Autodidacte et femme de terrain, Karine Guldemann a débuté sa carrière dans une ONG humanitaire. Au sein du Groupe Lagardère Active, elle dirige depuis 2004 la Fondation ELLE pour l’éducation des femmes dans le monde. Pionnière du mécénat collectif depuis sa création, la fondation ne cesse de renforcer ses actions de plaidoyer, à l’image du programme télévisé Elles ont toutes une histoire, dont nous avons pu apercevoir le montage en avant-première.
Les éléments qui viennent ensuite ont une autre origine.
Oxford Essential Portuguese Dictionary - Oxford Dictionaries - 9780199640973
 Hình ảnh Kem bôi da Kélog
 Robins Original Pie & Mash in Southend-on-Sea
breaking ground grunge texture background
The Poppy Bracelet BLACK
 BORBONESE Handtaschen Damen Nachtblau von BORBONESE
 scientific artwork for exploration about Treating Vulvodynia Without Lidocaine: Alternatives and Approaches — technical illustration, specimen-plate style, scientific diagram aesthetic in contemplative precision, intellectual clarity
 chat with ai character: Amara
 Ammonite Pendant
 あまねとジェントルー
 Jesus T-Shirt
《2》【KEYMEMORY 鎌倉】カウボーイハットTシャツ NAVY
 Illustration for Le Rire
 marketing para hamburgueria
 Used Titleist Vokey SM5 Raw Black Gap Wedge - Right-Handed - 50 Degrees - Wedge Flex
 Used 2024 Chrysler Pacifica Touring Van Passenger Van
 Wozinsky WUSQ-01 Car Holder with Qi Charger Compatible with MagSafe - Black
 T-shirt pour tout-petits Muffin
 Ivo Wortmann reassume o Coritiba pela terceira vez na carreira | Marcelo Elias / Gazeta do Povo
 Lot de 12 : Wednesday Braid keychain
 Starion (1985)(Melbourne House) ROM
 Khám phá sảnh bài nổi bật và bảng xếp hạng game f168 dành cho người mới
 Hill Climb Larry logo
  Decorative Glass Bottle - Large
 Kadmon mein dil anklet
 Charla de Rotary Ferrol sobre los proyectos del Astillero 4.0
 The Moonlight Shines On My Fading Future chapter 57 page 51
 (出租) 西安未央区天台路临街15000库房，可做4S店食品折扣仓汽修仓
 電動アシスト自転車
Des relations presse au mécénat, un parcours atypique
Comme c’est souvent le cas pour les dirigeants de fondations, le parcours de Karine Guldemann est atypique. Originaire de Troyes, elle quitte l’Aube pour la capitale après son baccalauréat, afin de suivre des études d’attachée de presse. « Études brillamment ratées, étant davantage en stage qu’à l’école », explique-t-elle. Qu’à cela ne tienne, elle entame une carrière d’attachée de presse dans les milieux de la mode, de la haute couture et de la beauté. Après une première expérience chez Helena Rubinstein, elle ne cessera de changer de poste, pratiquant tour à tour l’événementiel ou les relations publiques, au gré des marques qui viendront la débaucher.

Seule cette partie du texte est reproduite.